Copy the data that follows, character for character, minus the pictures.

#### Task input
● ● ●

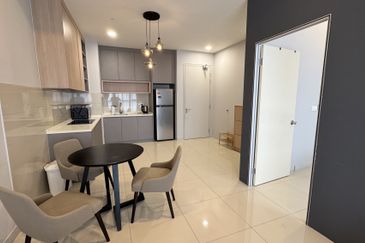 Cyperus @ Tropicana Gardens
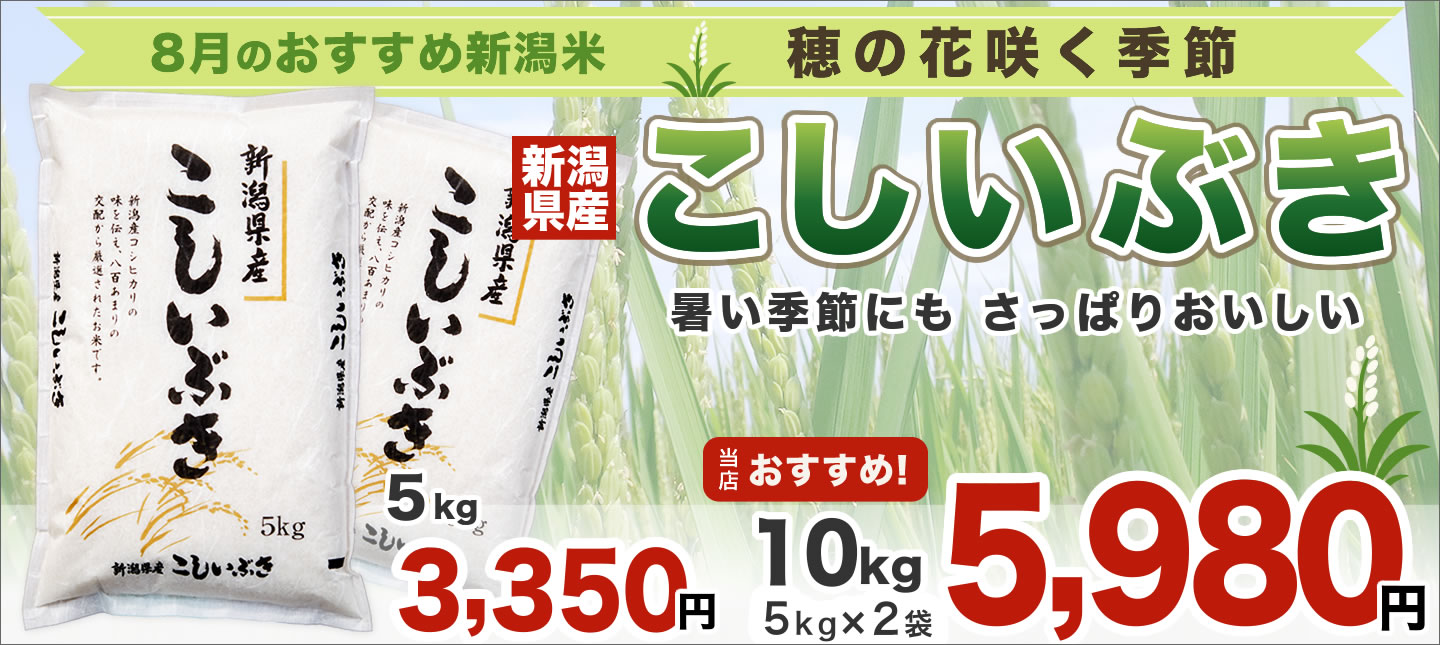 いぶき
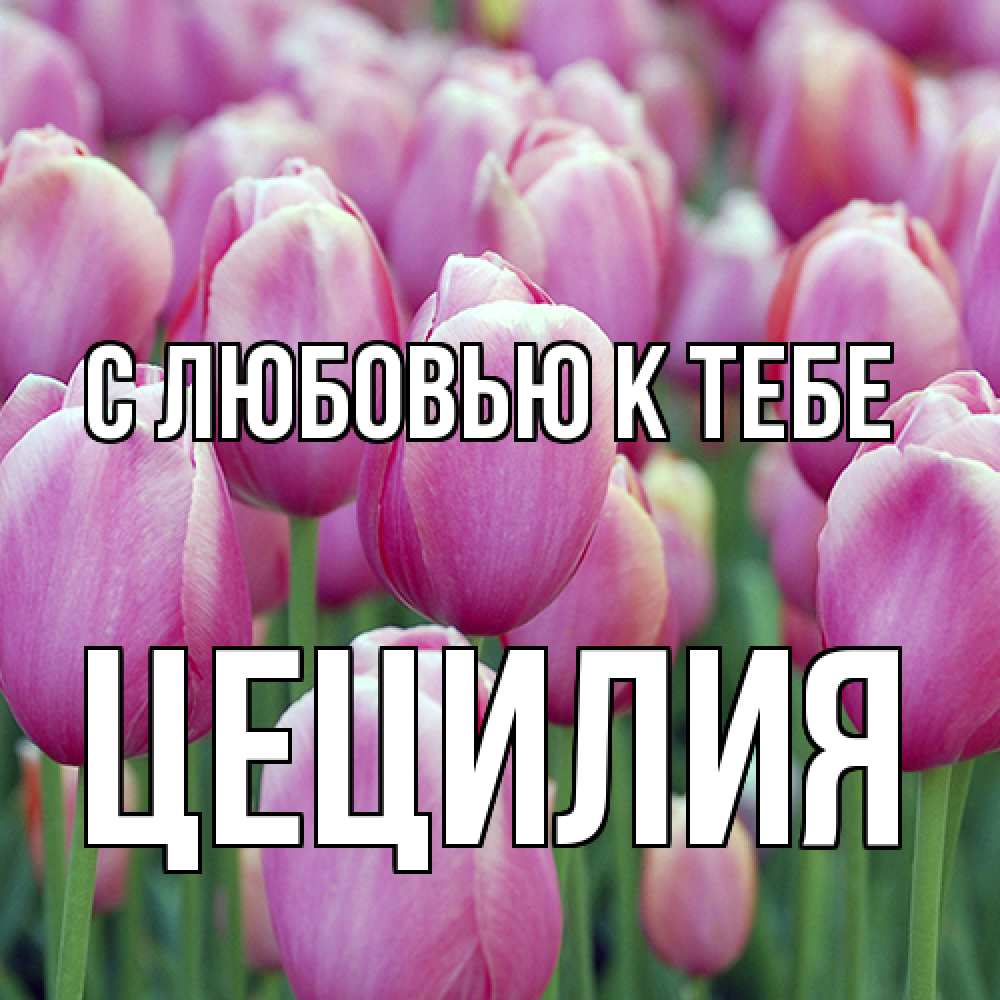 Открытка  с именем. Цецилия, С любовью к тебе  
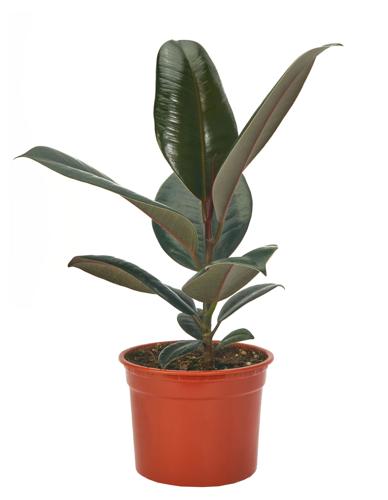 Фикус Эластика ø12 h30 см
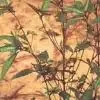 Acalypha Australis P.E. thumbnail-1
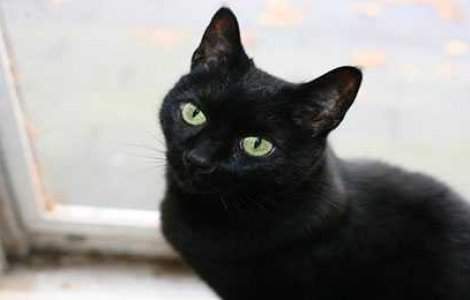 Oamenii sunt superstitiosi! Oare de ce credem in ele?
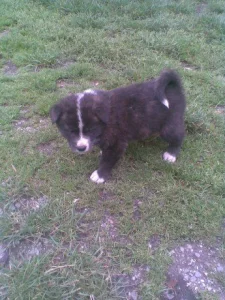 Akita-Inu krásný pejsek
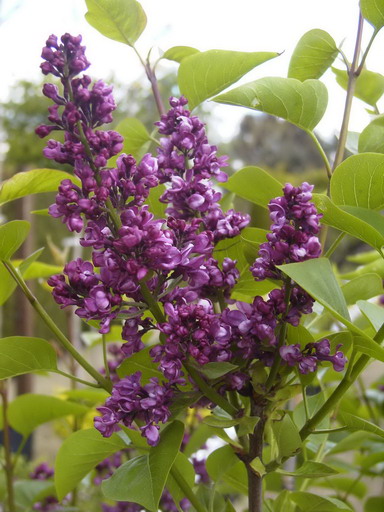 SYRINGA vulgaris Charles Joly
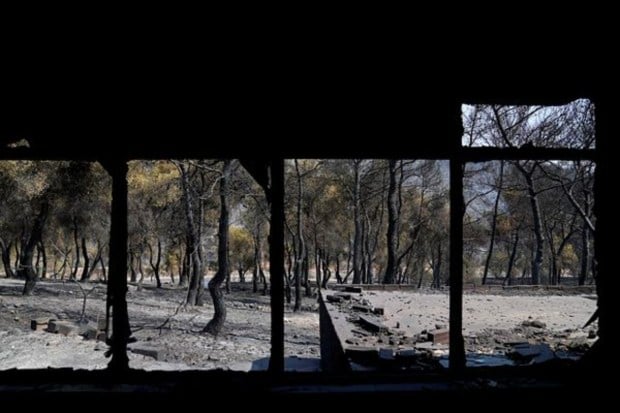 Thousands have been forced to flee homes as a result of the forest fires.(Image: AP)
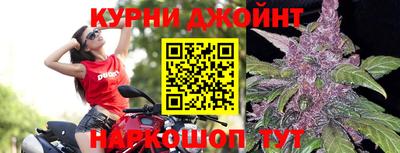 мяу мяу мука Бийск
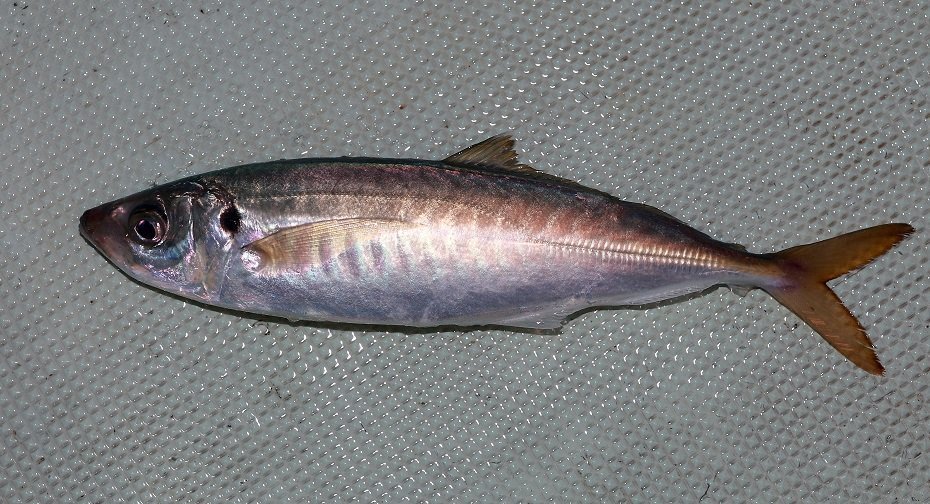 ムロアジの写真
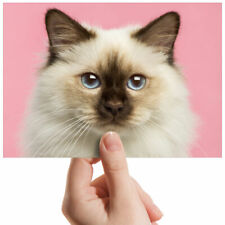 Portrait birman cat for sale  SELBY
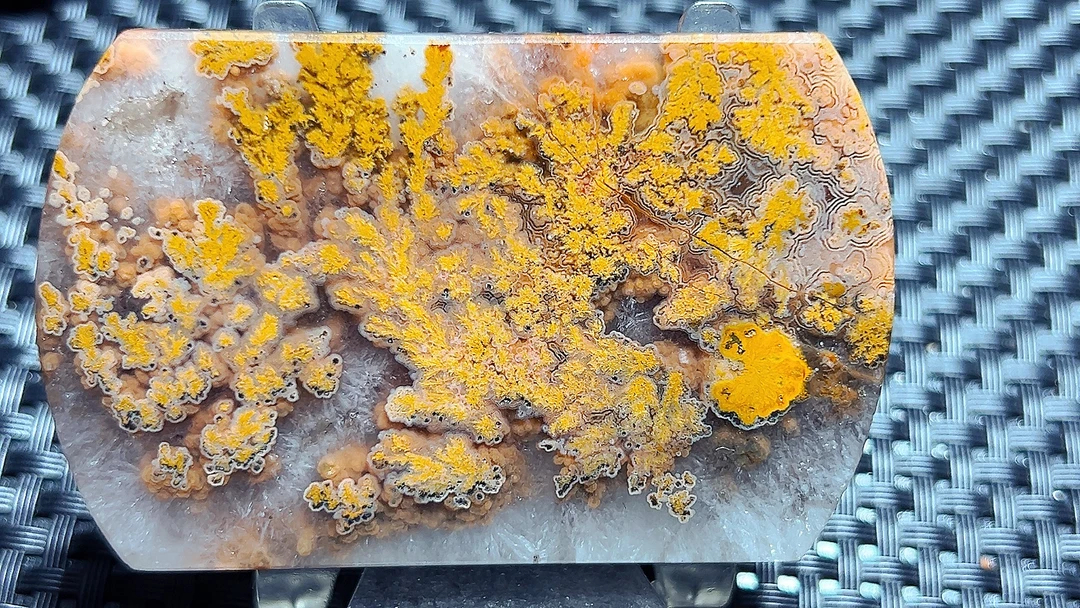 战国红金草麦穗套牌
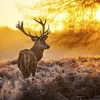 MondiArt Alu Art | Red Deer in Morning Sun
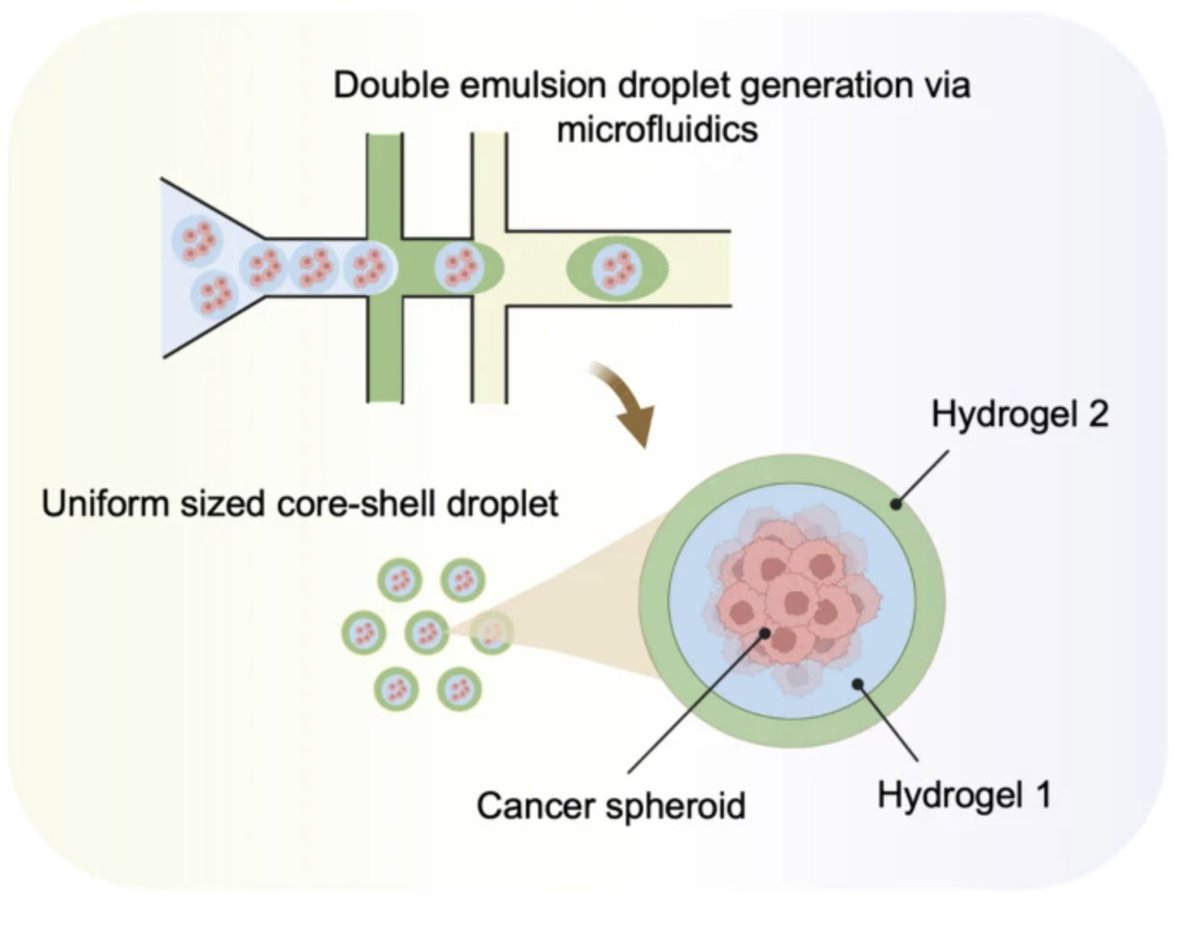 NanoBio Systems Lab @ TAMU tweet media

● ● ●

#### Task response
 Cyperus @ Tropicana Gardens
 いぶき
 Открытка  с именем. Цецилия, С любовью к тебе  
 Фикус Эластика ø12 h30 см
 Acalypha Australis P.E. thumbnail-1
 Oamenii sunt superstitiosi! Oare de ce credem in ele?
 Akita-Inu krásný pejsek
 SYRINGA vulgaris Charles Joly
 Thousands have been forced to flee homes as a result of the forest fires.(Image: AP)
 мяу мяу мука Бийск
 ムロアジの写真
 Portrait birman cat for sale  SELBY
 战国红金草麦穗套牌
 MondiArt Alu Art | Red Deer in Morning Sun
 NanoBio Systems Lab @ TAMU tweet media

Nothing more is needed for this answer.